Many providers do offer some sort of monitoring service (either free or extra charge). These can vary from simple ping commands from an external server at timed intervals. Or significantly more complex tools, however they all seem to imply that monitoring is in your best interest.

Linux
Almost all VPS providers will use some distribution of Linux. Technically, it could be another form of Unix (or even Windows with “Remote Desktop”). Additionaly most will have a preference to a Redhat variation (Redhat 9.0, Fedora Core, CentOS, RHEL). The benefit here is that I can duplicate a great deal of testing at home before I deploy a complex setup on the VPS.

Virtuozzo (the VPS management software in Linux) relies on some tweaking done to the virtuallized booting kernel in VPS. Hence when I saw Fedora Core 2 available, I blindly assumed it used a 2.6 based kernel, when in fact it was a 2.4 variant. On other VPS’s running CentOS, I’ve seen similar characteristics. — The bottom line is that it is beneficial to have a more up to date distribution even if you really shouldn’t modify it too heavily (i.e. Redhat 9.0 is almost 3 years old).

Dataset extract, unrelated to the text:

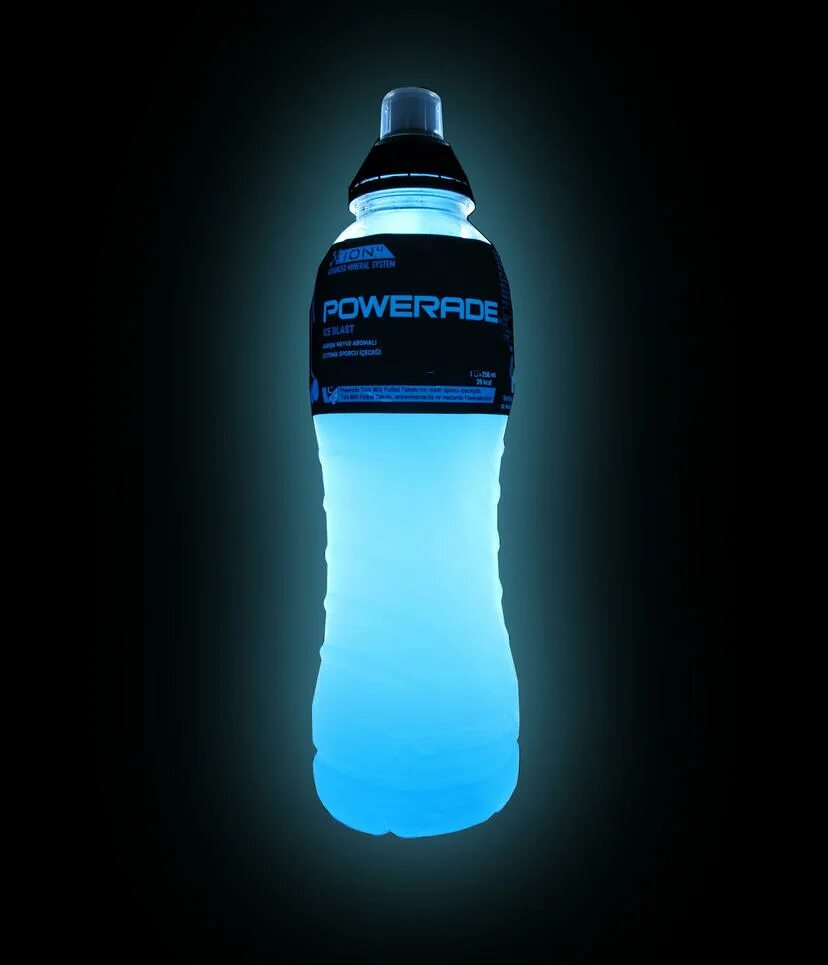 Синяя вода купить. Энергетик Powerade. Синий спортивный напиток Powerade. Энергетик голубого цвета Powerade. Powerade Ледяная буря.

Software on the distributions will be fairly typical to any Linux: apache, database, mail, etc. However for management there are some options such as CPanel or Plesk or even perhaps a service specific option. If you want to save money (between $7-20/month) you can forgo the specialized options and even elect Webmin. However I doubt that it is nicely geared to be helpful for webhosting on a VPS or for running multiple shared websites.

Growth
This is final most significant factor. Depending on the partitioning of the VPS on the host machine, the VPS may or may not be able to grow. Example: If a 100GB disk layout was cut up in to 10 separate 10GB partitions and 1 user required an upgrade, this would not be possible!. They would have to buy a new VPS or transfer to another physical host. Hence it is very important that you understand your growth. Keep in mind that 1GB of disk space already goes to the Linux installed. Basic upgrades like software packages and bandwidth may be available, but physical resources may be fixed upon setup. Know these facts in advance.

Conclusion
Getting a VPS took me a little more time than I expected, but the research was much less than when I learned shared hosting in 2002. I plan to be up and running with my selection in the next few days.

From what Rob mentioned from his VPS experience, selection was probably the easy part!